Wednesday, August 24, 2011

Different 'fuels' at different times

An article entitled ‘We can all do little things for the environment’ appeared in The Kitchener-Waterloo Record on 23 August 2011.  Though the theme was broadly environmental, there was a paragraph’s focus upon electricity issues. Notwithstanding the issue I would take with the comment that ‘On summer weekdays, hydro costs almost double between 7 a.m. and 7p.m.’ (see my earlier posting), the phrase that I will come back on is the following:  ‘In Ontario, if we all run our air conditioning units during the peak time it means Ontario has to start up high polluting coal-fired plants, or buy electricity from American coal plants. Very dirty!’  I thought it would be worthwhile to dig into this.
To do this, I went to the site of a small company called Sygration – harvesting data from the Independent Electricity System Operator in Ontario, these are usefully put into interesting form there.  I pulled out ‘yesterday’ (23 August 2011), as well as 21 July 2011 – a day on which the University of Waterloo weather station says that the temperature reached 37.6°C!  (I was fortunate enough to be in a lake on that day! :>)  Not surprisingly, peak output by Ontario’s power plants was 19,135 MW (hour ending 5pm EDT) on 23 August, but 25,692 MW (same hour) on 21 July – some 34% higher!  In terms of energy, generation on that hot day – across all 24 hours – was 33% higher.  So, across all hours of the day, power plants across the province had to be ‘geared up’ that much more.
That invites a discussion about ‘dispatching’.  Electricity cannot be easily (cheaply) stored.  As such, it needs to be generated when it is needed.  Choices are thus made by system operators as to which plants to ‘call’.  Cheap ones are obviously preferred first, but consideration must also be given to those that are easily (or not easily) ‘ramped up or down’ --  that is, responsive to changes in dispatch instructions from the system operators.  Of the major contributors in Ontario, nuclear is usually run ‘all of the time’; hydropower is generally cheap and ‘rampable’, and thus used often and/or strategically.  The fossil fuels (coal, gas and gas/oil) are not only dirtier, but also often more expensive; they can be, however, responsive to changes in system-wide demand.
So that is meant to help explain the chart below – where the relative contributions of Ontario generators on these two days are listed.  On the ‘lower demand day’ (23 August), nuclear and hydro predominate, and fossil fuels contribute less than 15%.  On the ‘higher demand day’ (21 July), fossil fuels – including the need to operate the Lennox ‘oil/gas plant’ – contribute almost one-third. 
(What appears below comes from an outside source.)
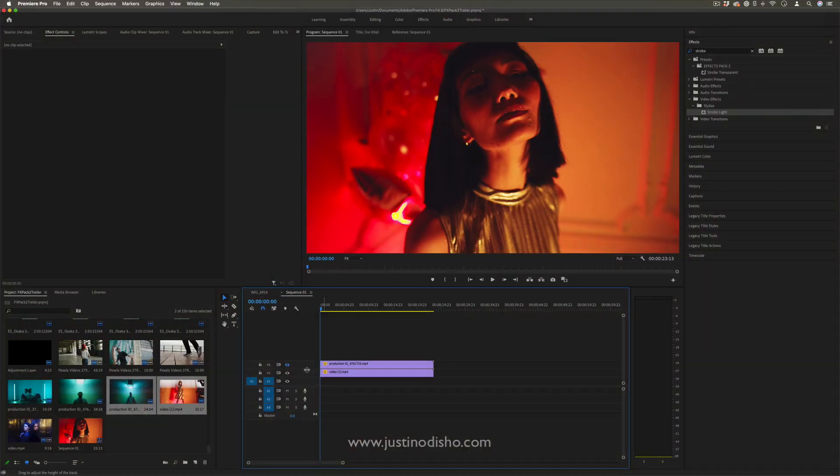This is something you might see in movie trailers where it slowly builds up from a slow to a fast flashing strobe into a cut.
percentage share to total daily energy on 21 July 2011
Percentage share to total daily energy on 23 August 2011
Gas and gas/oil

It might also be useful to think about how the fuels are used during different time-periods – namely, Ontario’s three (summertime) ‘bands’.  I present this in a couple of visuals below – plotting MW generation against time (EST), and then shading the off- (green), mid- (yellow) and on-(red) peak periods.  On 21 July, gas/oil, in particular, plays a relatively predominant role during the on-peak period; the fossil fuels certainly ‘ramp up’ in the morning, but take a while to ‘tail off’ in the evening.  In 23 August, all of those fuels are ‘near the bottom’, given how much nuclear meets all of the needs.
The bottom line? – carbon intensity varies with time, and it is, for the most part, higher during the high-demand/‘on-peak’ periods.